My mother said the same when we purchased our first home!

Mine too. My father said I was too busy to manage my only rental and advised me to sell it a year later for the same price I paid for it. Eight years later it is worth 2.5 times what I paid for it. He claims he doesn't remember ever saying that. LOL

 

@Christine Sierra I had 5,000 I was told I could do much with that then to the sheriff sale and got it for 5,000 house needed no fixing I rented it out the week.rent 4 rooms at 500.00 and just repair the kitchen before they move in house is worth 100k

Originally posted by @Junon Celestin :

@Christine Sierra I had 5,000 I was told I could do much with that then to the sheriff sale and got it for 5,000 house needed no fixing I rented it out the week.rent 4 rooms at 500.00 and just repair the kitchen before they move in house is worth 100k

sweet deal! That's awesome 

@Christine Sierra

This is a great post. I’m a newbie too, only 2 rentals going to look at possible househack this weekend.

Best advice so far “keep emotions out of the purchase due your diligence, stick to the numbers”

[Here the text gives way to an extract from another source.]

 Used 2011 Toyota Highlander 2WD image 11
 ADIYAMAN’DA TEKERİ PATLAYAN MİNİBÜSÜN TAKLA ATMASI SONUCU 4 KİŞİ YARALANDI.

Worst advice "real estate is more risky than my 401k just work and save money"

Not best advice but best learning by observation. My father invested in real estate by a college campus one property at a time over 30 years. He probably spent about $500,000 total over that time. But he laughed all the way to the bank when an investor came in and gave him 5 million for his property to do a big multi use development.

Worst advice: My mother is holding some money of mine and keeps discouraging me from investing it in another deal or several deals because her bank is offering .04% interest.

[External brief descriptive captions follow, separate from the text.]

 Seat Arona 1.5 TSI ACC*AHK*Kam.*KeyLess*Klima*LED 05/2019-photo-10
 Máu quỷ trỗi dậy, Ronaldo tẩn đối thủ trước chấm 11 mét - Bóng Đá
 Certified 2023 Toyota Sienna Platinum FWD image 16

My parents are still married so I can’t figure out her mindset.

Alecia

Originally posted by @Zach Gring :

@Christine Sierra

This is a great post. I’m a newbie too, only 2 rentals going to look at possible househack this weekend.

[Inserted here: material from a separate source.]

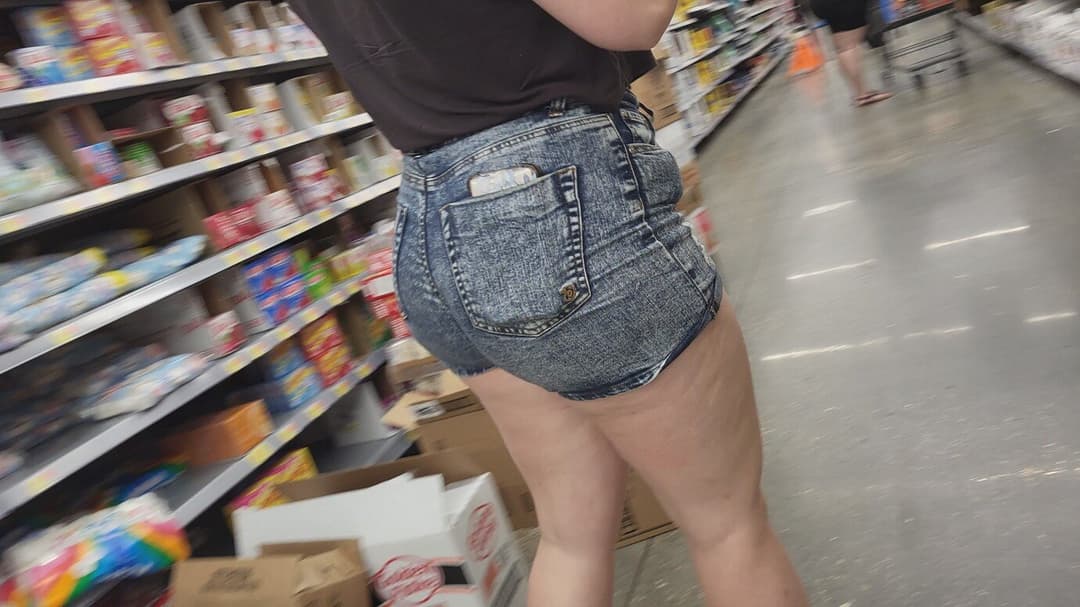 Denim shorts & Ass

Best advice so far “keep emotions out of the purchase due your diligence, stick to the numbers”

Worst advice "real estate is more risky than my 401k just work and save money"

 That is great advice. It's so easy to get caught up in the heat of the negotiation and to just want to win. Especially strong at in person auctions. You start to do mental gymnastics to justify the extra few thousand and it becomes a very slippery slope. Figure out your max number beforehand and stick to it!

It's unfortunate @Todd Pultz had to go through that experience.  

Touching upon Todd's point regarding insurance. As an insurance agent I see a lot of real estate investors picking up houses or properties for cheap and don't want to insure them for replacement cost and want to insure them for actual cash value and insure the property for a very low dollar amount on the property (sometimes just enough to cover the loan amount or what they put into the property if it's a cash purchase). One thing to remember is what cost x amount 5 - 10 years ago isn't going to be the same amount.

I would say reviewing your insurance and your property values on a yearly basis is extremely important especially if you don't insure them for replacement cost.

At the time of a loss it would be very frustrating for an investor to not have the purchasing power for a similar property in present day as they did 5 years ago due to the value of real estate increasing in the location.  In western PA we have seen a huge spike in property values compared to just 5 years ago.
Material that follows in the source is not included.